Exercise inputs:
———

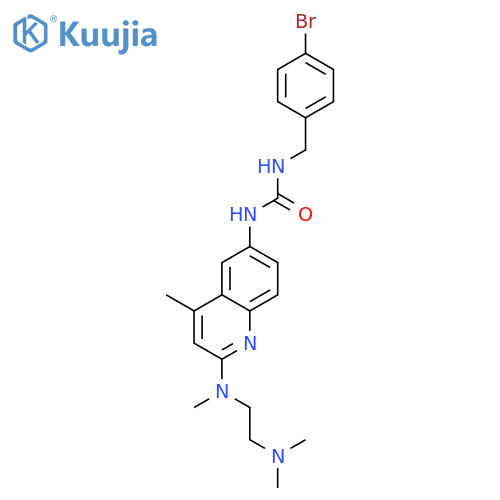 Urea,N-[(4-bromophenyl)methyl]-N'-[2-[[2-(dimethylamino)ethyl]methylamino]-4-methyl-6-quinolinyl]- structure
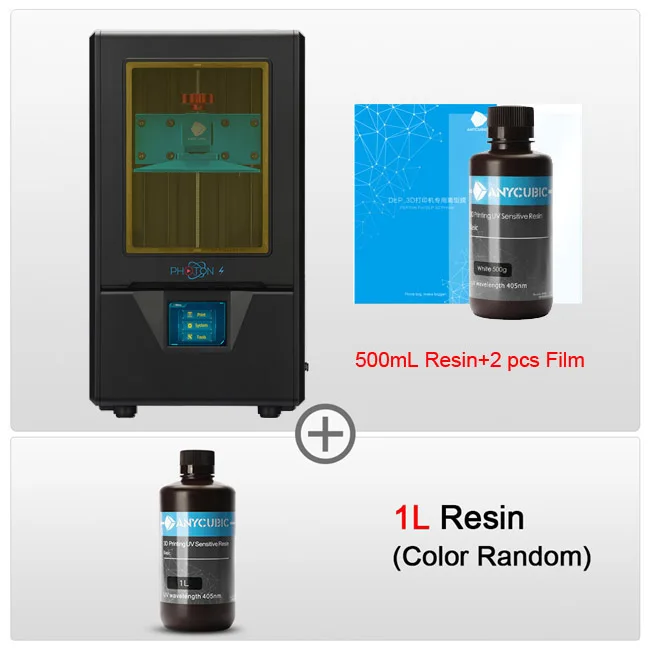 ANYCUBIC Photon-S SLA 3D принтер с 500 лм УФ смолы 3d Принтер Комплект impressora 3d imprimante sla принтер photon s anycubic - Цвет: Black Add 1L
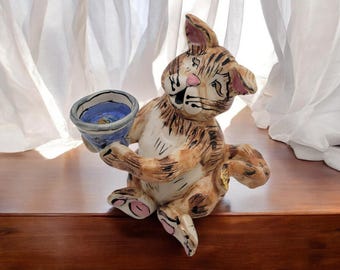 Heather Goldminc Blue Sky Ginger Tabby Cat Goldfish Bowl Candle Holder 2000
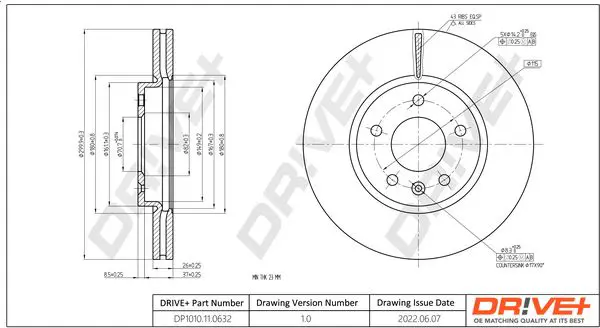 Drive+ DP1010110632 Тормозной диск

———

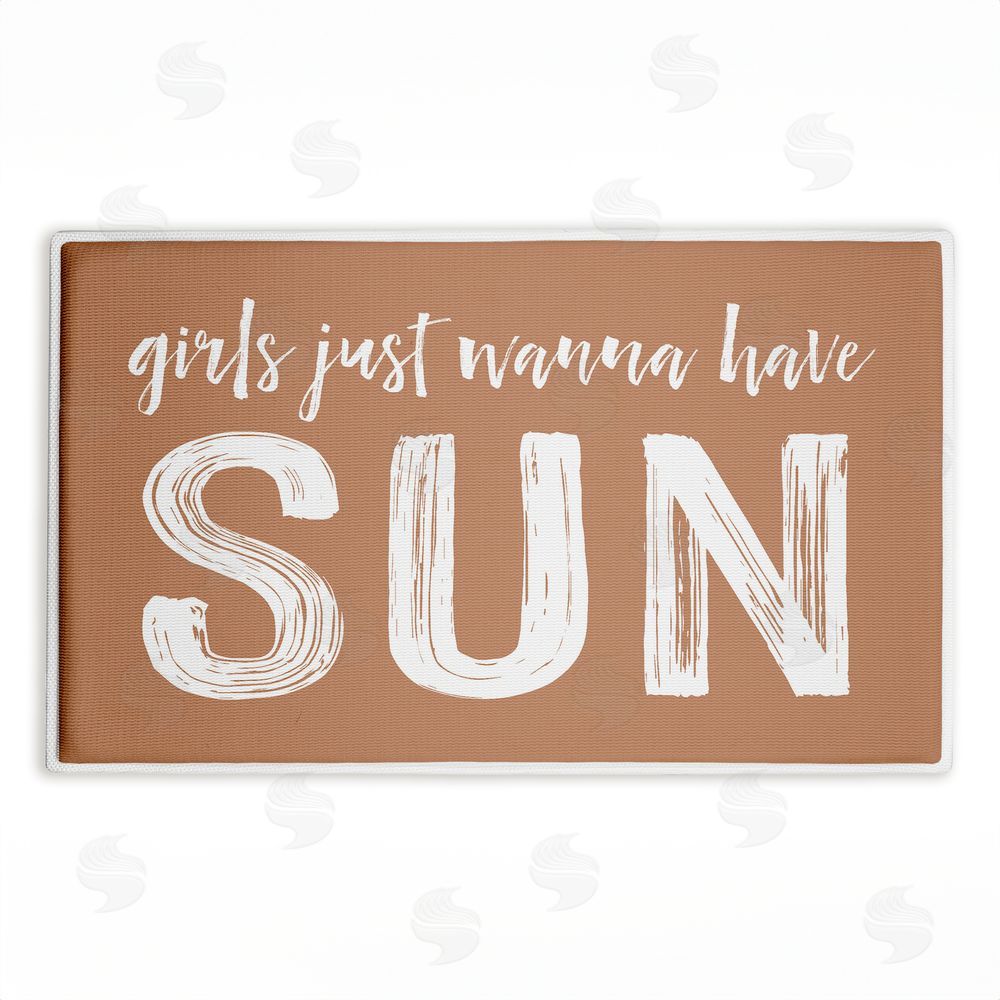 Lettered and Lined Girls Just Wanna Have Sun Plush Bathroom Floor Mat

———

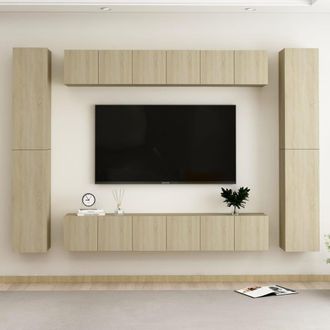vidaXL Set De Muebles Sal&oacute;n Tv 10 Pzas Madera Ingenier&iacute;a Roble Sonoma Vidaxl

———

Task instructions: Starting at the line containing "Heather Goldminc Blue" and stopping at the line containing "Drive+ DP1010110632 Тормозной диск", output every line above exactly, both ends included, with pictures omitted.

Solution to this exercise:
 Heather Goldminc Blue Sky Ginger Tabby Cat Goldfish Bowl Candle Holder 2000
 Drive+ DP1010110632 Тормозной диск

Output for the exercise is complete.